THE DATA:
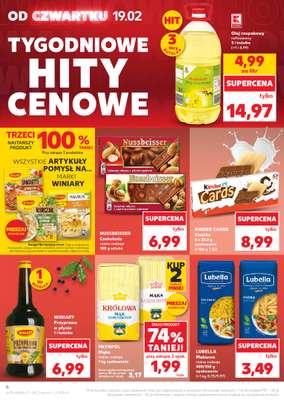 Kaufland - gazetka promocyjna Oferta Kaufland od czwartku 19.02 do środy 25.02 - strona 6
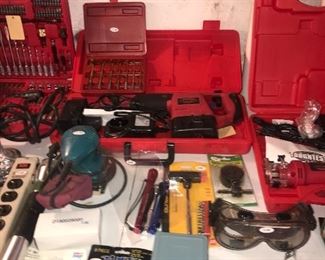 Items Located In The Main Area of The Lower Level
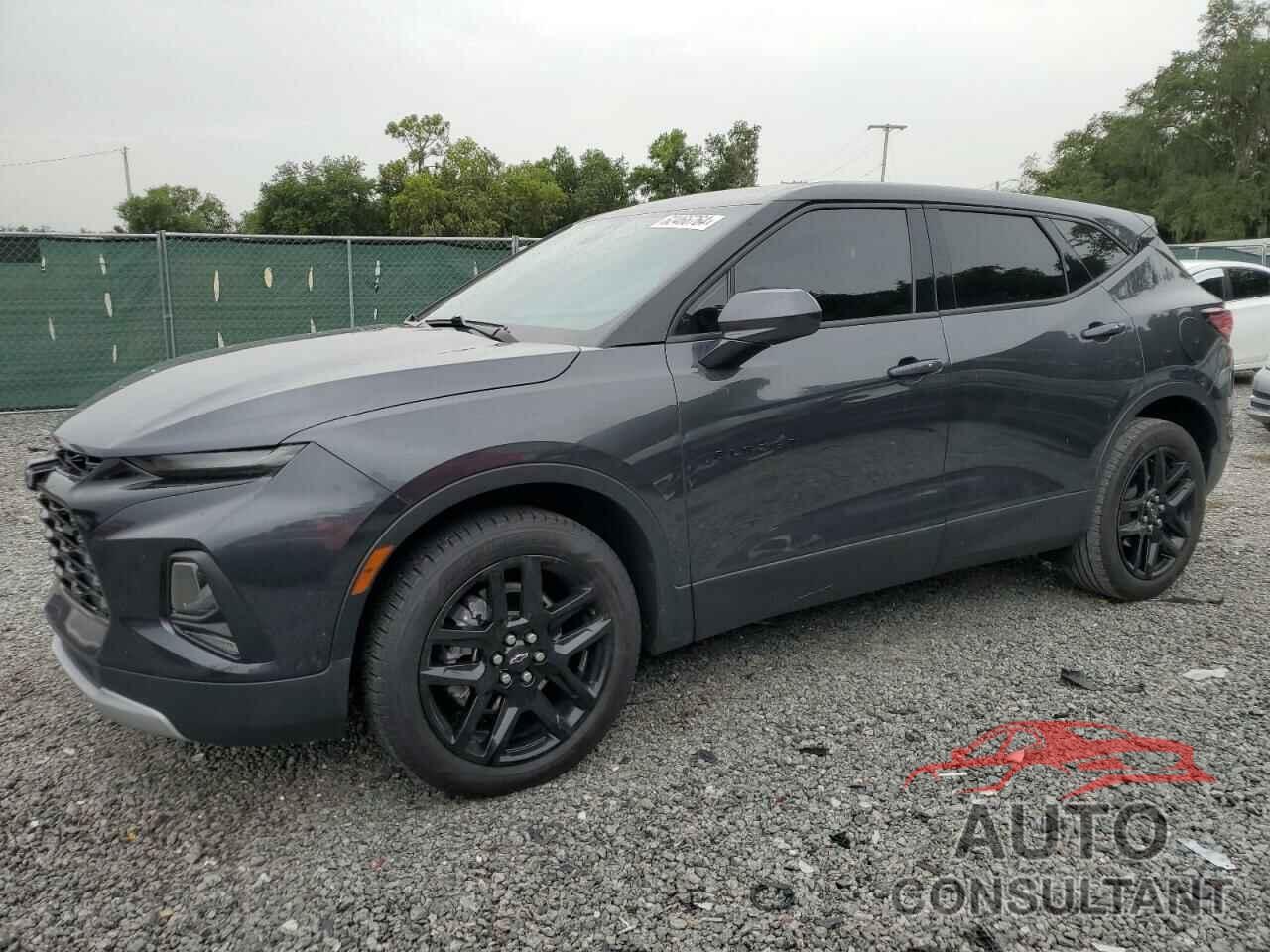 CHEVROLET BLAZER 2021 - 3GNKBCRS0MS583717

ACTION ITEM: No image belongs in the copy. Transcribe the full listing verbatim.

SOLUTION FOR THIS PROBLEM:
 Kaufland - gazetka promocyjna Oferta Kaufland od czwartku 19.02 do środy 25.02 - strona 6
 Items Located In The Main Area of The Lower Level
 CHEVROLET BLAZER 2021 - 3GNKBCRS0MS583717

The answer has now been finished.